■ **Description of the task**: Down to the last line, set down the material below exactly; skip the pictures.

■ **Data section**:
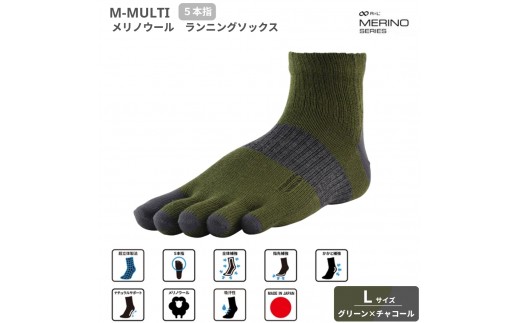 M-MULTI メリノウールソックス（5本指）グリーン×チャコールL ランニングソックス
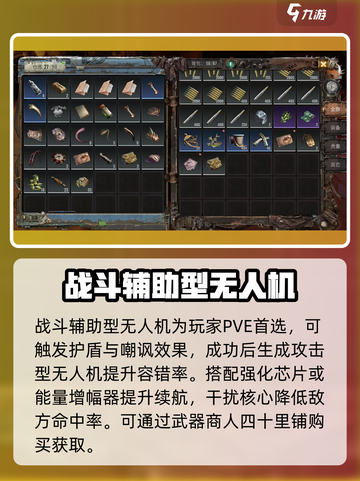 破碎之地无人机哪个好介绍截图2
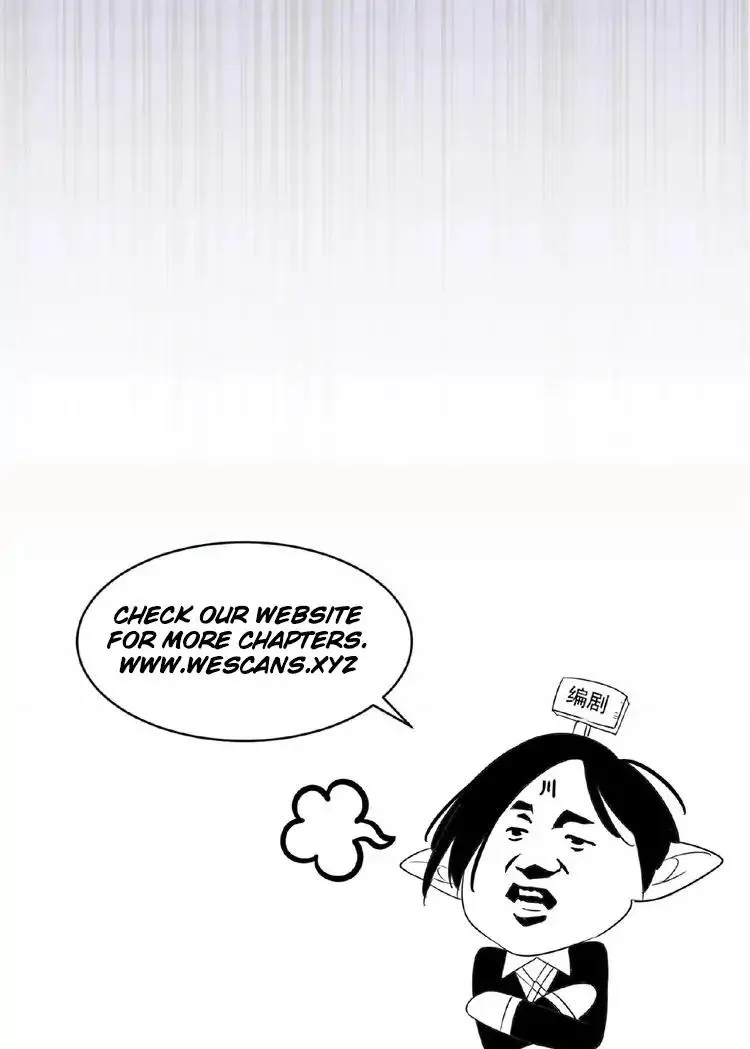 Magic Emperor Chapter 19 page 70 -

■ **The answer**:
 M-MULTI メリノウールソックス（5本指）グリーン×チャコールL ランニングソックス
 破碎之地无人机哪个好介绍截图2
 Magic Emperor Chapter 19 page 70 -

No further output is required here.